> Task brief
Return the records word for word. Pictures do not belong in the copy.

[Crawled caption data]
##############################

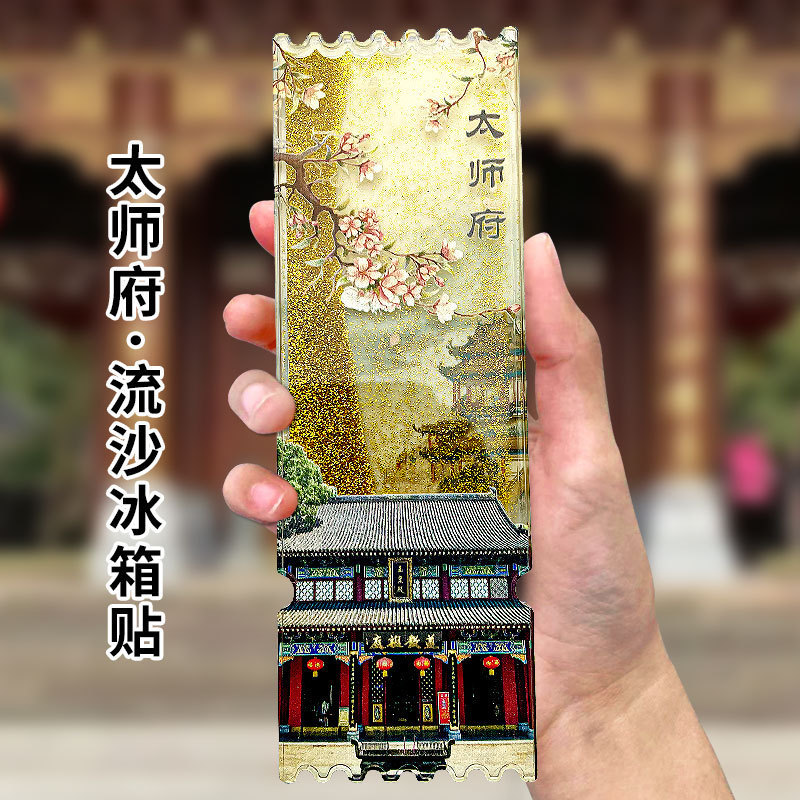 亚克力流沙款冰箱贴盲盒故宫城市文创北京熊猫西安苏州国风冰箱贴|undefined
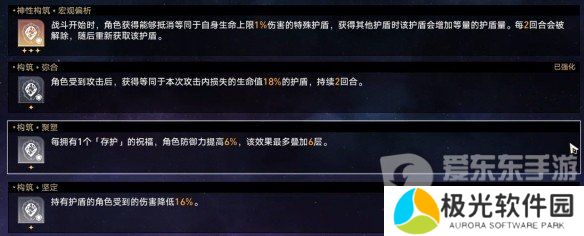 崩坏星穹铁道黄金与机械难题12智识怎么过 黄金与机械难题12智识通关攻略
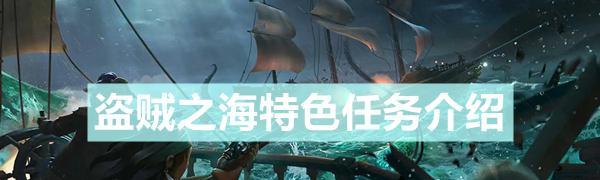 《盗贼之海》游戏海战全弹药炮弹作用介绍（探索炮弹的不同效果与策略）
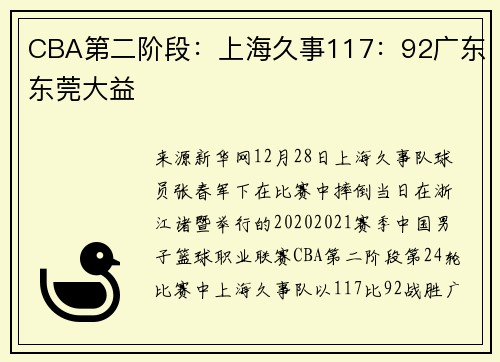 CBA第二阶段：上海久事117：92广东东莞大益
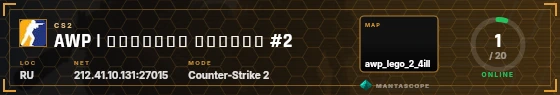 HUD badge preview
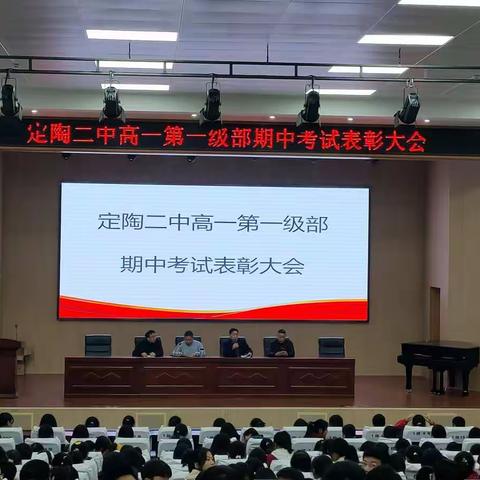 学习正当时！——定陶二中高一第一级部期中考试表彰大会记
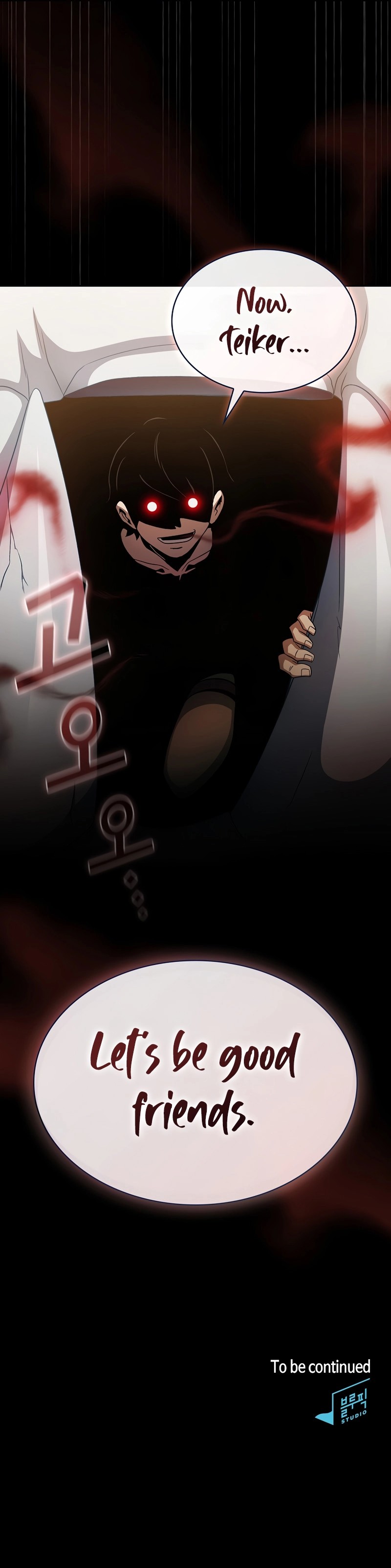 Is This Hero for Real? - Chapter 61 Page 12
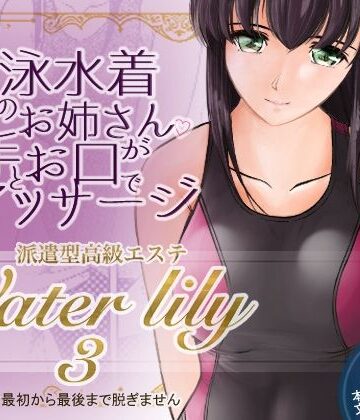 派遣型高級エステWaterlily3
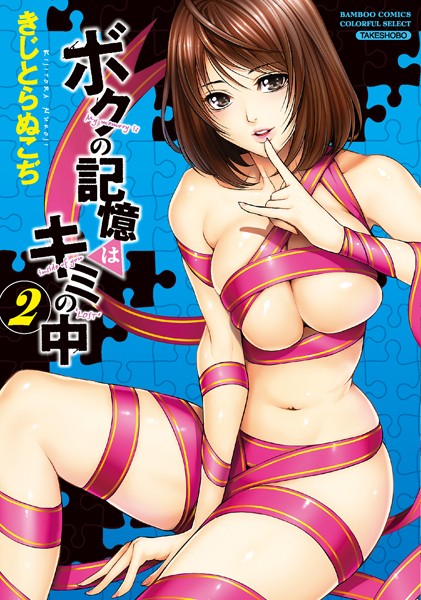 ボクの記憶はキミの中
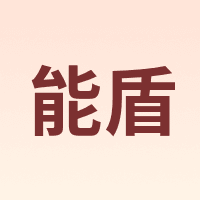 能盾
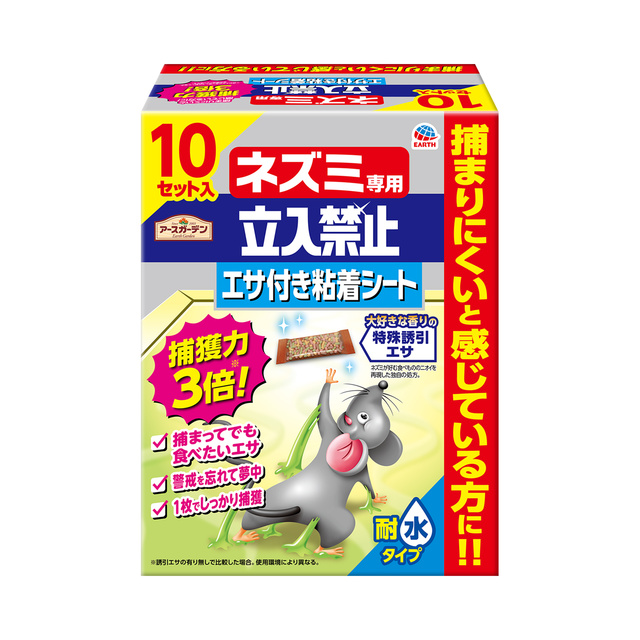 アースガーデン　ネズミ専用立入禁止　エサ付き粘着シート　１０セット入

##############################

> Your response
 亚克力流沙款冰箱贴盲盒故宫城市文创北京熊猫西安苏州国风冰箱贴|undefined
 崩坏星穹铁道黄金与机械难题12智识怎么过 黄金与机械难题12智识通关攻略
 《盗贼之海》游戏海战全弹药炮弹作用介绍（探索炮弹的不同效果与策略）
 CBA第二阶段：上海久事117：92广东东莞大益
 HUD badge preview
 学习正当时！——定陶二中高一第一级部期中考试表彰大会记
 Is This Hero for Real? - Chapter 61 Page 12
 派遣型高級エステWaterlily3
 ボクの記憶はキミの中
 能盾
 アースガーデン　ネズミ専用立入禁止　エサ付き粘着シート　１０セット入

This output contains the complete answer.